The Gillespies and Green and his wife, Joyce — who is Marcia's sister — are all from Hamilton originally. Both families recall racism as subtle growing up and during their adulthood in Hamilton.
Gillespie became the first black head boys basketball coach in the Hamilton City School District at Garfield High School in the 1970s. As a teacher, he taught vocational education at the high school.
In 1972, the couple had begun looking for a house in Hamilton. The Gillespies were part a trial through Housing Opportunity Made Equal, a program that promotes fair housing. When they found a home they liked on Hamilton Avenue, the couple was greeted with racial slurs and shouts of "why don't you stay in your own neighborhood?" they said.
The Gillespies took their search to Fairfield, where it was more of the same.

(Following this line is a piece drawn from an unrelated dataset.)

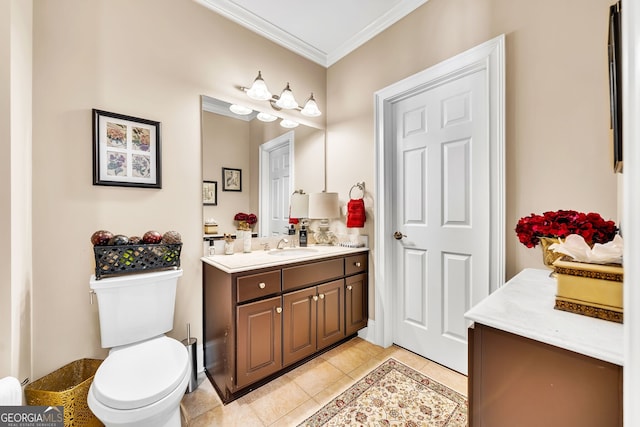 bathroom featuring toilet, tile patterned flooring, vanity, and crown molding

Donald Gillespie remembers one of his brothers, who was a captain in the military during the Vietnam War, had been denied an apartment for his wife and baby. The white apartment owners insisted that two white businessmen, who knew Gillespie's brother, co-sign for the apartment because "it wasn't ready to rent to blacks," Gillespie said.
"At that time we didn't feel like we could raise children in that environment," Gillespie said.
The Gillespies eventually bought a house in Forest Park.
"It was hard trying to find a home even in this community but we were determined to stay because the education (in Forest Park) was acceptable," Marcia Gillespie said.
Having to find a house outside their hometown had been a disappointment, they said. However, they're active within the community and attend Pilgrim Baptist Church in Hamilton.
The Gillespies have been married for 41 years. They have three children and three grandchildren.
As for Green, who stands 6 feet, 5 inches tall and weighs 300 pounds, he says his stature shielded him from being treated unfair overtly.
With a wife and children to support at age 25, Green worked as an apprentice to become an electrician in 1972. He says he was the first black to enter the apprenticeship through Hamilton's local union. He attributes affirmative action for giving him a chance to become an apprentice.
Even though he got his foot in the door, his white co-workers wouldn't make it easy.
"I had made a conscious decision to finish the apprenticeship," Green said. "The way I looked at it was if you had a problem with me, you had a problem with someone else too."
He's remained an electrician for the past 37 years.
The Greens, married for 32 years, have seven children and 14 grandchildren. They remember the adversity some of their children experienced in the Hamilton school district.
Stories of how their youngest daughter, Robyn, now 26, received low grades on projects and English essays based on her teacher's prejudice, Joyce Green said.
Despite the unfair treatment, both the Greens and the Gillespies chalk it up as an experience in which their children and grandchildren can learn.
Robyn Green, who is the mother of 5-year-old Symone, said she wants to expose her daughter to all that life has to offer. The same as her parents did.
"I think I will expose her to everything so she can make her own decisions," Robyn Green said.